On 3/7/19 1:45 PM, Alexander Duyck wrote:
> On Thu, Mar 7, 2019 at 5:09 AM Nitesh Narayan Lal <nit...@redhat.com> wrote:
>>
>> On 3/6/19 5:05 PM, Alexander Duyck wrote:
>>> On Wed, Mar 6, 2019 at 11:07 AM Nitesh Narayan Lal <nit...@redhat.com> 
>>> wrote:
>>>> On 3/6/19 1:00 PM, Alexander Duyck wrote:
>>>>> On Wed, Mar 6, 2019 at 7:51 AM Nitesh Narayan Lal <nit...@redhat.com> 
>>>>> wrote:
>>>>>> The following patch-set proposes an efficient mechanism for handing 
>>>>>> freed memory between the guest and the host. It enables the guests with 
>>>>>> no page cache to rapidly free and reclaims memory to and from the host 
>>>>>> respectively.
>>>>>>
>>>>>> Benefit:
>>>>>> With this patch-series, in our test-case, executed on a single system 
>>>>>> and single NUMA node with 15GB memory, we were able to successfully 
>>>>>> launch 5 guests(each with 5 GB memory) when page hinting was enabled and 
>>>>>> 3 without it. (Detailed explanation of the test procedure is provided at 
>>>>>> the bottom under Test - 1).
>>>>>>
>>>>>> Changelog in v9:
>>>>>>         * Guest free page hinting hook is now invoked after a page has 
>>>>>> been merged in the buddy.
>>>>>>         * Free pages only with order 
>>>>>> FREE_PAGE_HINTING_MIN_ORDER(currently defined as MAX_ORDER - 1) are 
>>>>>> captured.
>>>>>>         * Removed kthread which was earlier used to perform the 
>>>>>> scanning, isolation & reporting of free pages.

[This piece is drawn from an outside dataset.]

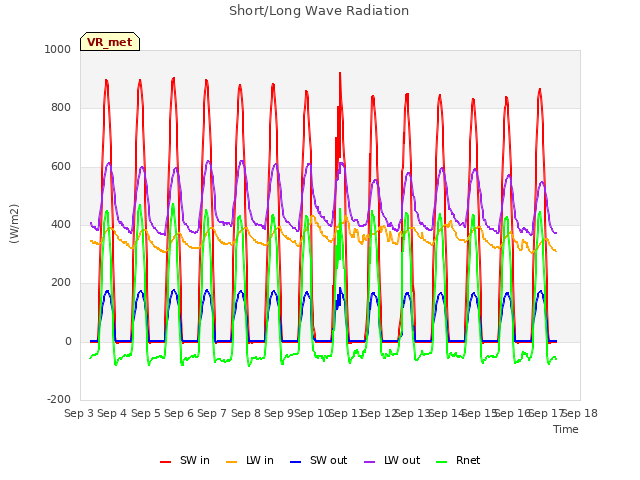 plot of Short/Long Wave Radiation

>>>>> Without a kthread this has the potential to get really ugly really
>>>>> fast. If we are going to run asynchronously we should probably be
>>>>> truly asynchonous and just place a few pieces of data in the page that
>>>>> a worker thread can use to identify which pages have been hinted and
>>>>> which pages have not.
>>>> Can you please explain what do you mean by truly asynchronous?
>>>>
>>>> With this implementation also I am not reporting the pages synchronously.
>>> The problem is you are making it pseudo synchronous by having to push
>>> pages off to a side buffer aren't you? In my mind we should be able to
>>> have the page hinting go on with little to no interference with
>>> existing page allocation and freeing.
>> We have to opt one of the two options:
>> 1. Block allocation by using a flag or acquire a lock to prevent the
>> usage of pages we are hinting.
>> 2. Remove the page set entirely from the buddy. (This is what I am doing
>> right now)
>>
>> The reason I would prefer the second approach is that we are not
>> blocking the allocation in any way and as we are only working with a
>> smaller set of pages we should be fine.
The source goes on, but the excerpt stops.